→ About this exercise
Your task is to transcribe the records exactly, skipping every image.
──────── Source material
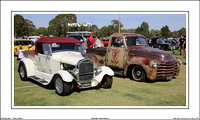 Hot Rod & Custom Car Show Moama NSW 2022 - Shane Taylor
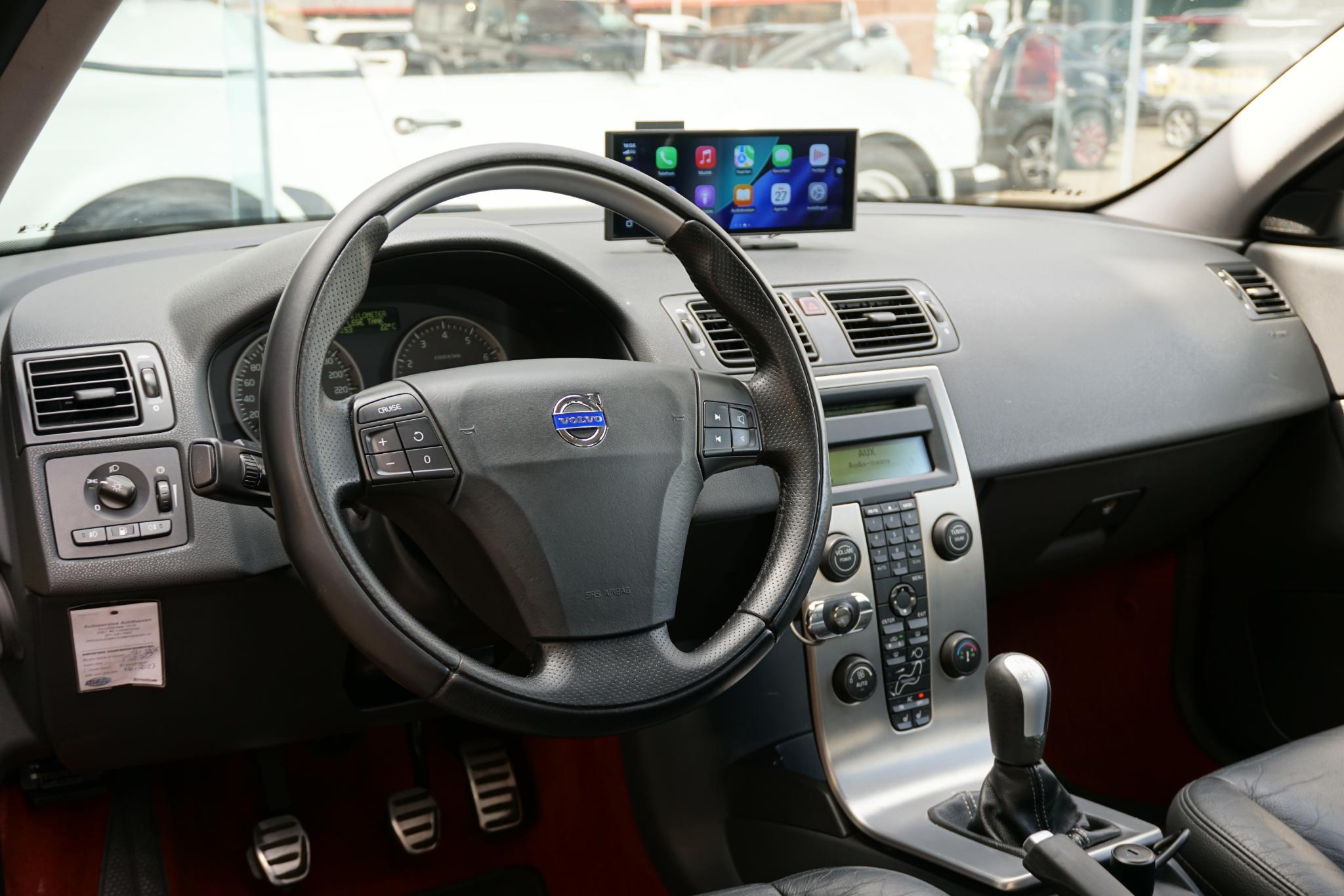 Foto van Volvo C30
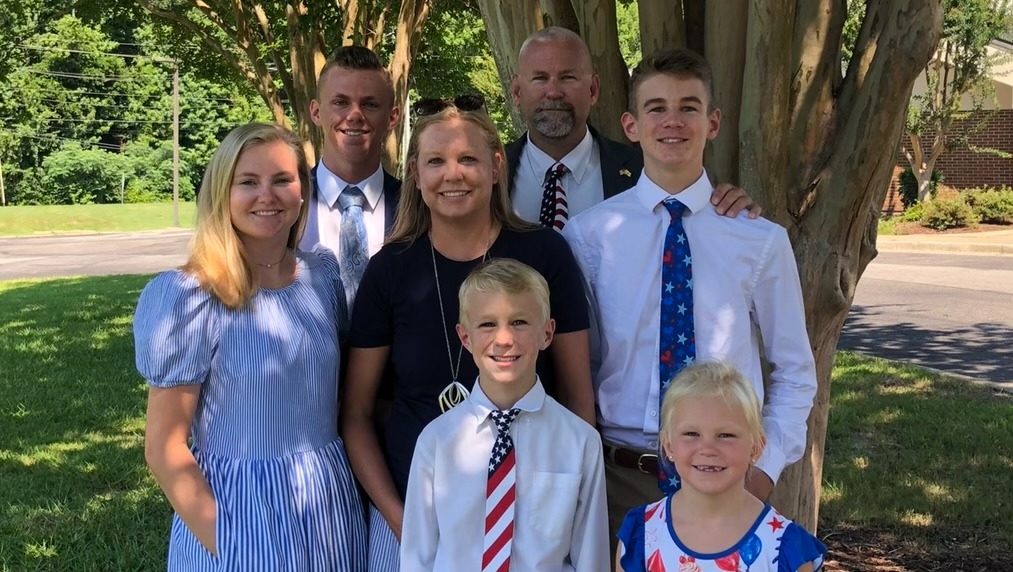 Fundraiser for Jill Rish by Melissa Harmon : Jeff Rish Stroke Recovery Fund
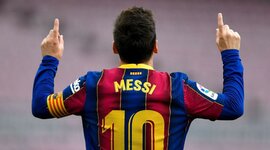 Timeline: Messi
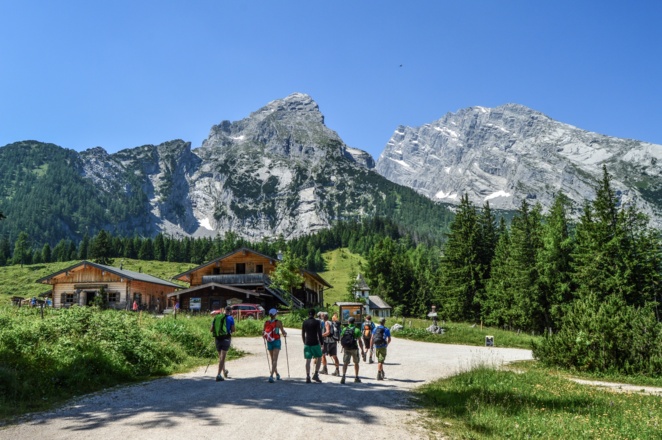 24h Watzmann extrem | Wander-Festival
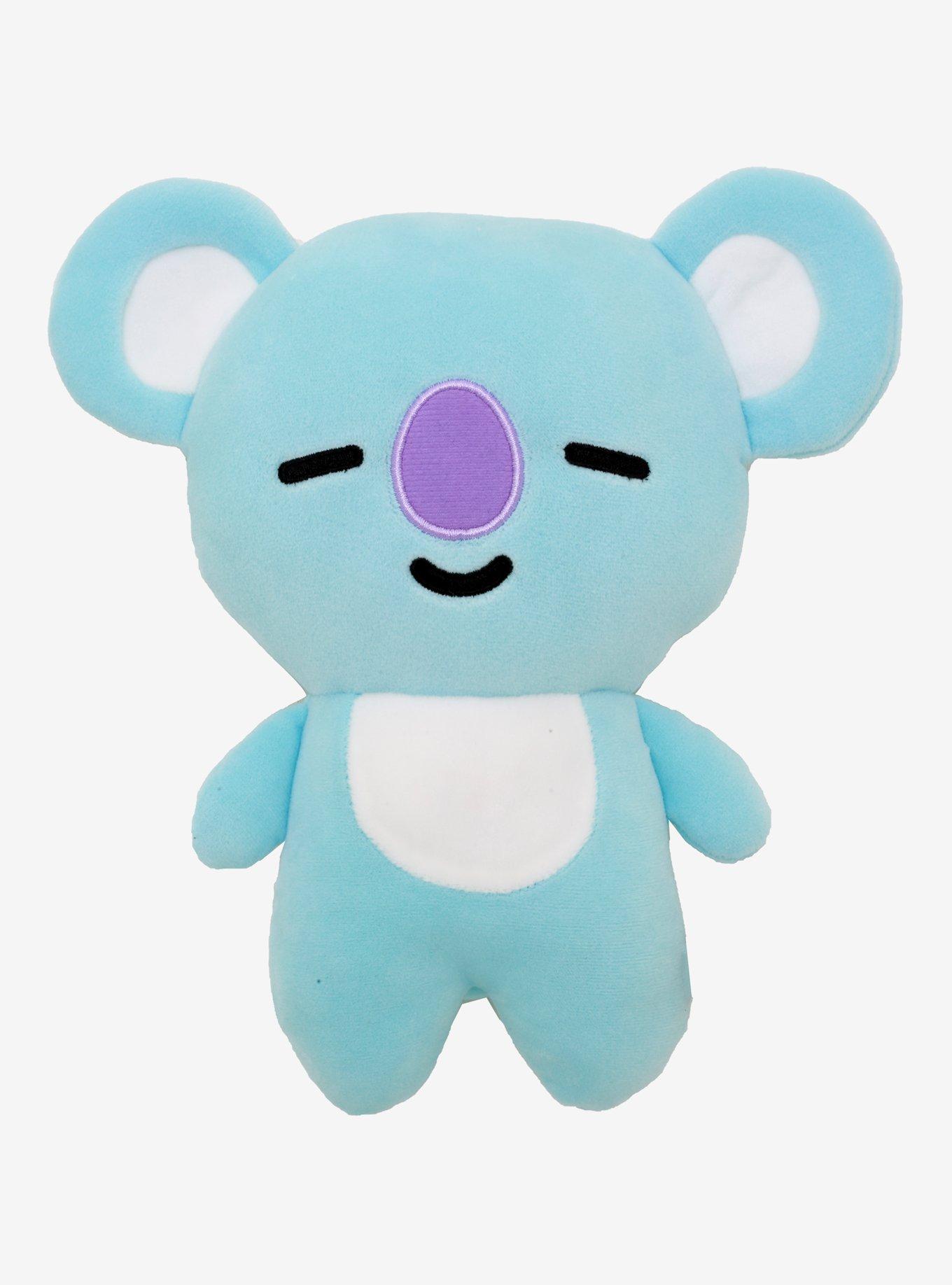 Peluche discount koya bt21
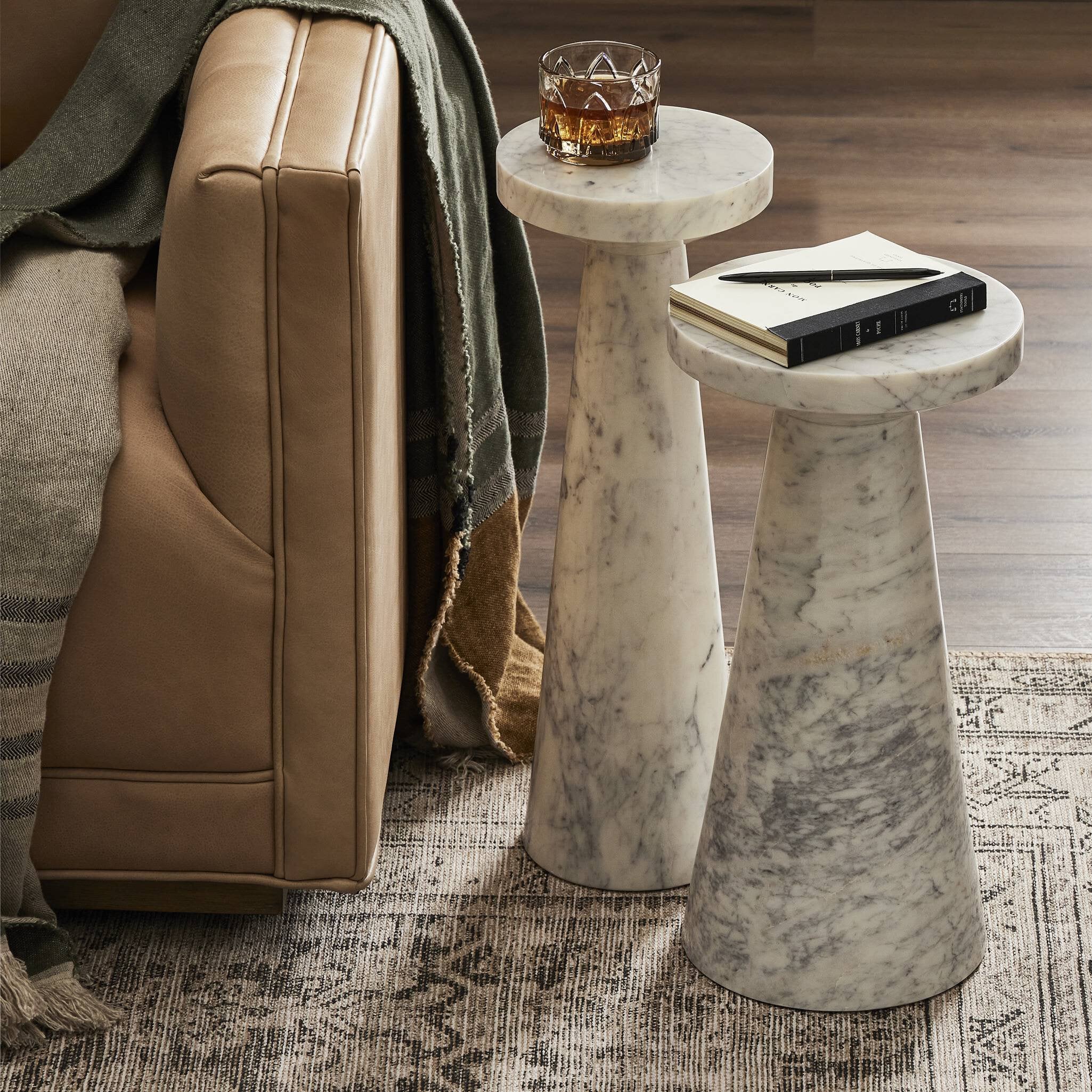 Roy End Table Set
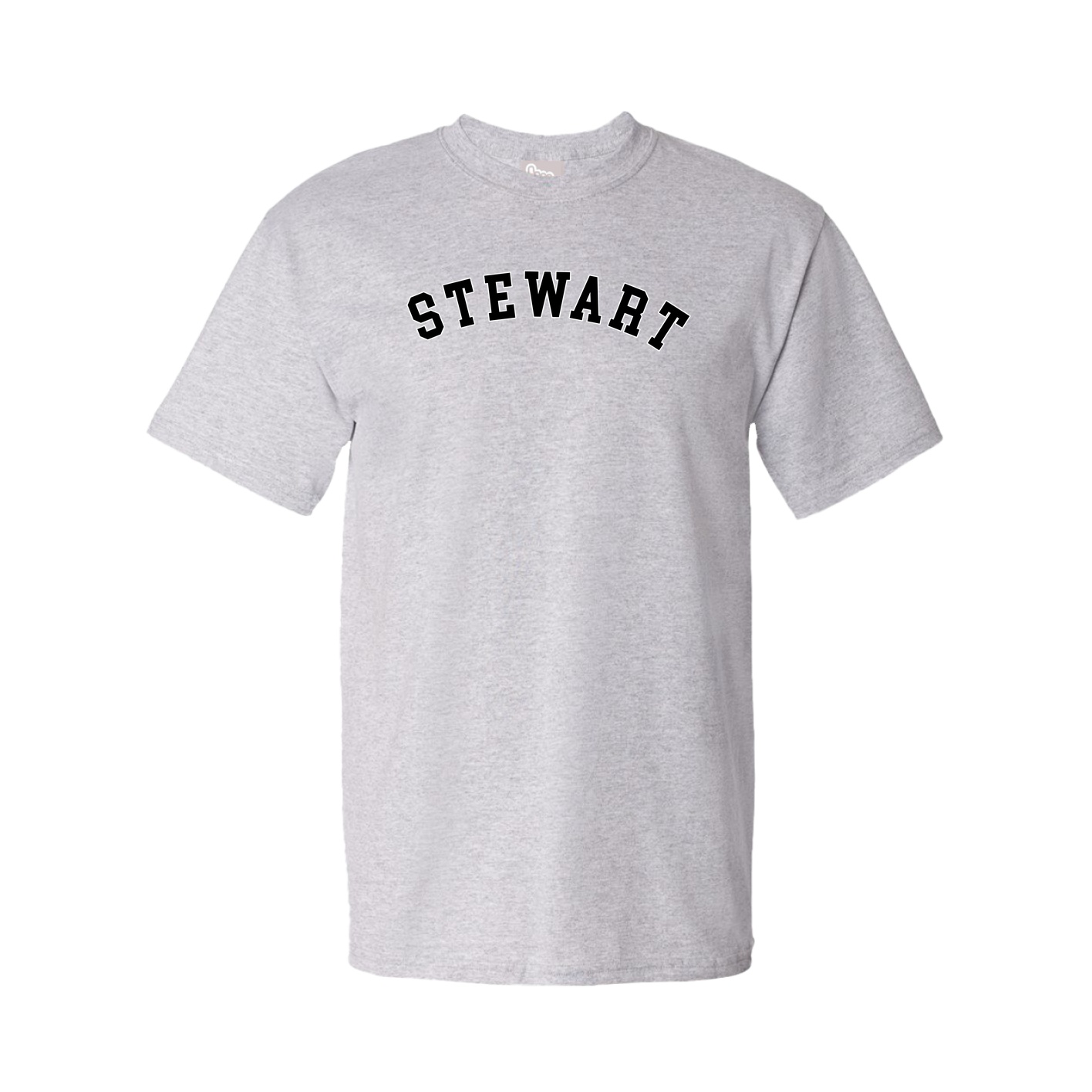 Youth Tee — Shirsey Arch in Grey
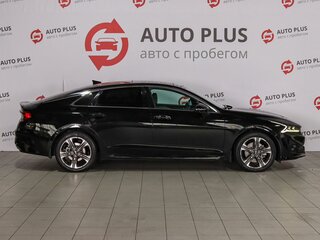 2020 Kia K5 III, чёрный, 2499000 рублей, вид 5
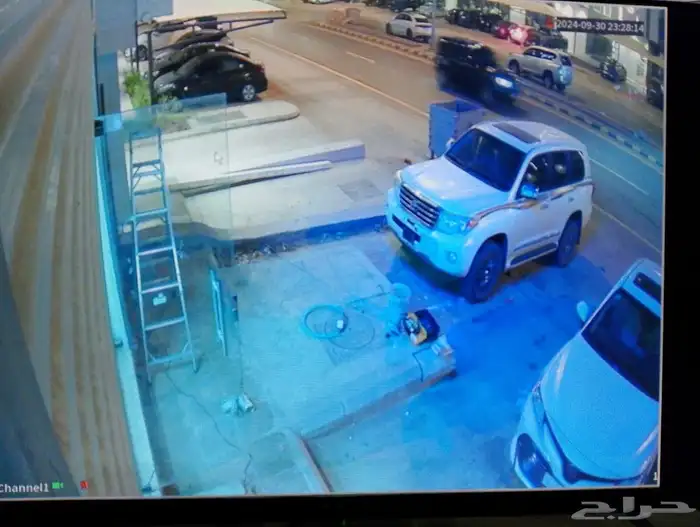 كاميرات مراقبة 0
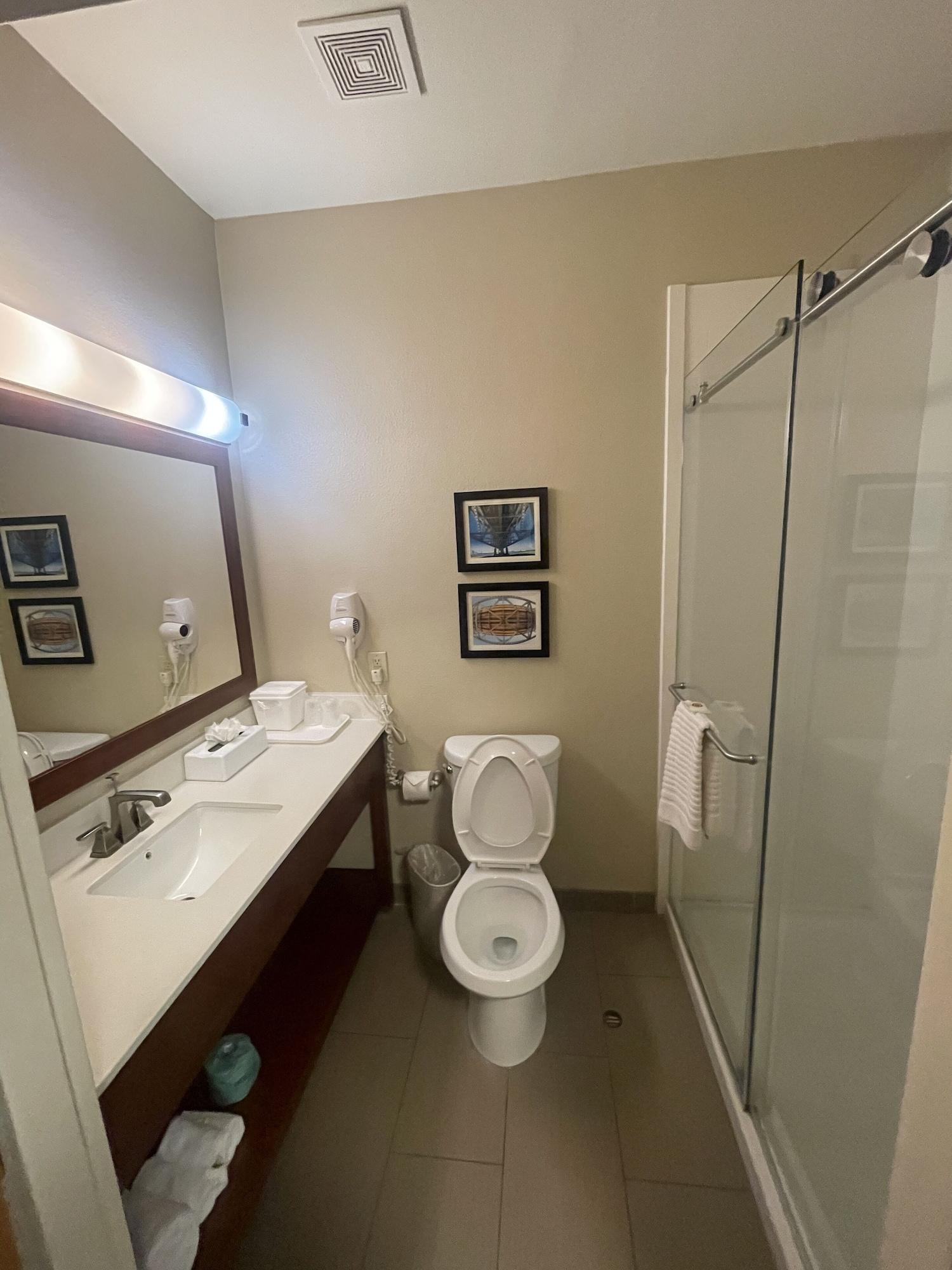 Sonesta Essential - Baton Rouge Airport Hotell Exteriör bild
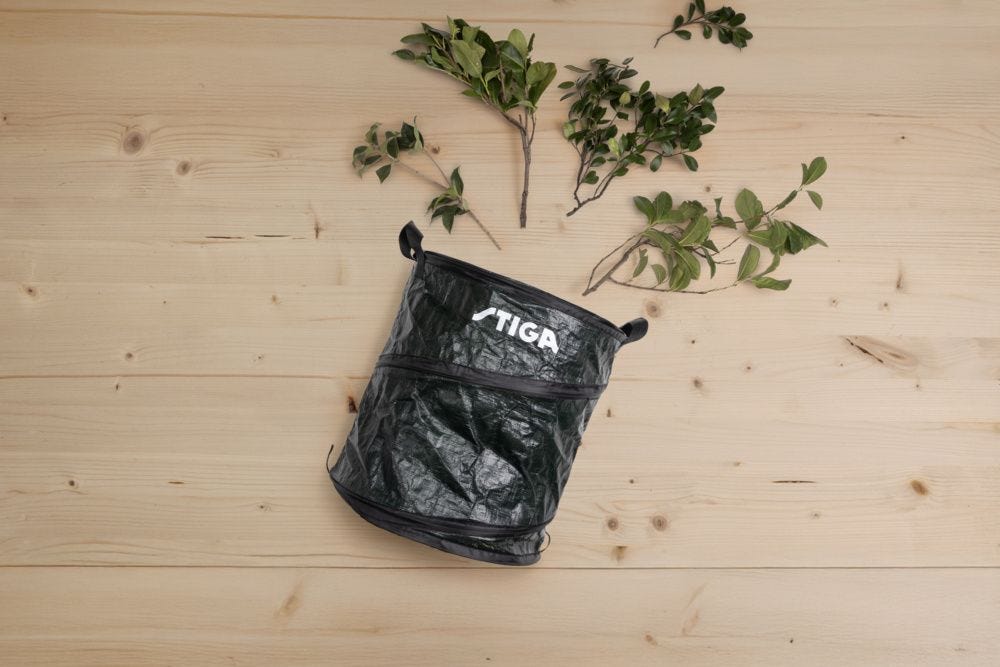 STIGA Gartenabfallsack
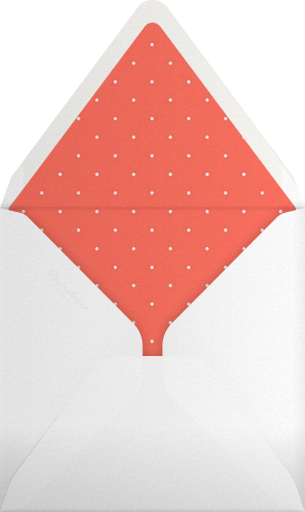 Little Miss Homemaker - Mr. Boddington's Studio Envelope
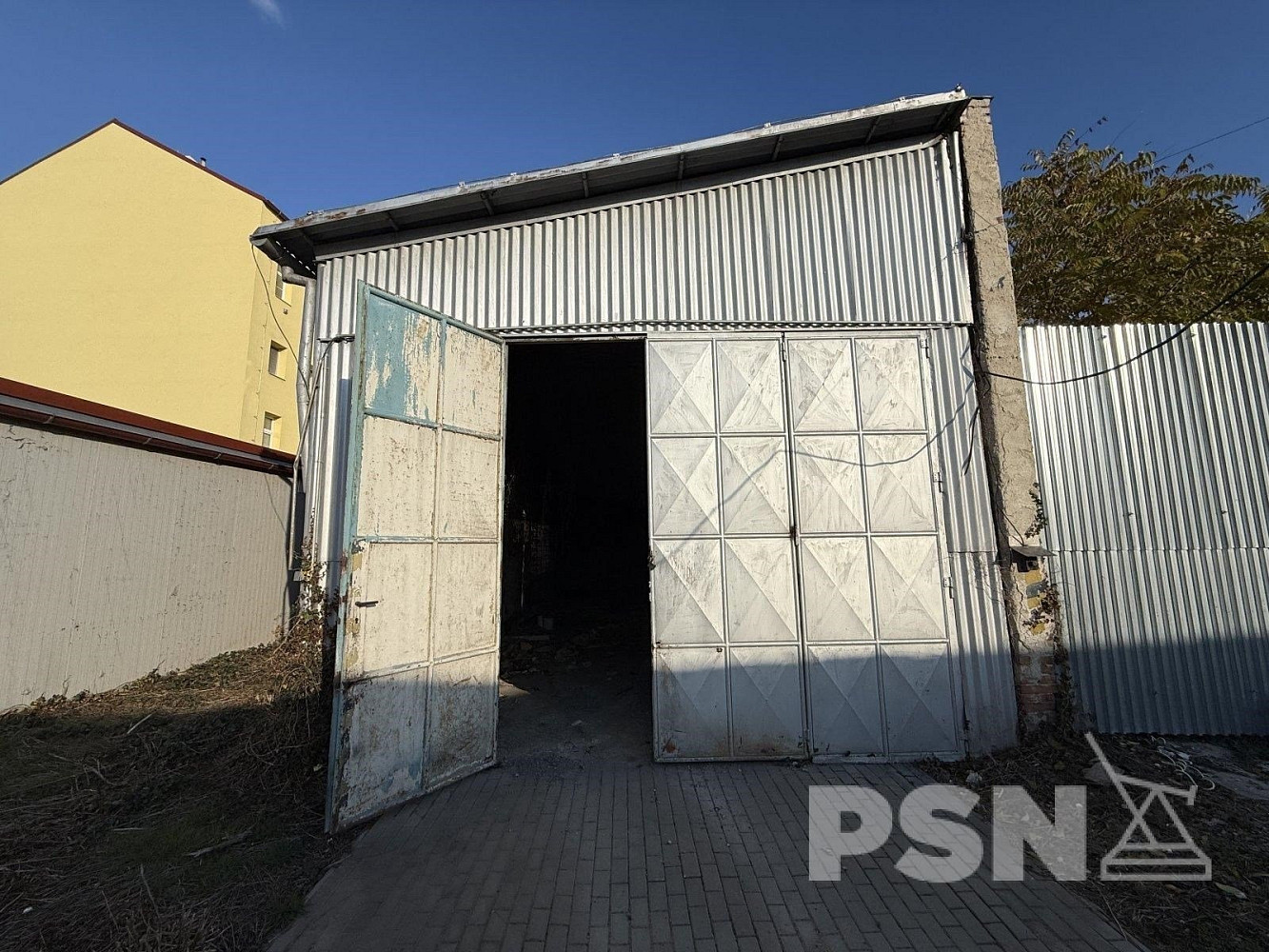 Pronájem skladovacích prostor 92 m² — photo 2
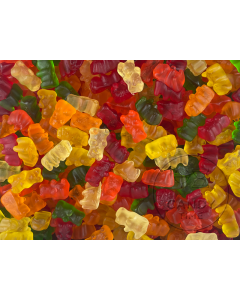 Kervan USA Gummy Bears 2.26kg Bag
────────────────
→ Exercise result
 Hot Rod & Custom Car Show Moama NSW 2022 - Shane Taylor
 Foto van Volvo C30
 Fundraiser for Jill Rish by Melissa Harmon : Jeff Rish Stroke Recovery Fund
 Timeline: Messi
 24h Watzmann extrem | Wander-Festival
 Peluche discount koya bt21
 Roy End Table Set
 Youth Tee — Shirsey Arch in Grey
 2020 Kia K5 III, чёрный, 2499000 рублей, вид 5
 كاميرات مراقبة 0
 Sonesta Essential - Baton Rouge Airport Hotell Exteriör bild
 STIGA Gartenabfallsack
 Little Miss Homemaker - Mr. Boddington's Studio Envelope
 Pronájem skladovacích prostor 92 m² — photo 2
 Kervan USA Gummy Bears 2.26kg Bag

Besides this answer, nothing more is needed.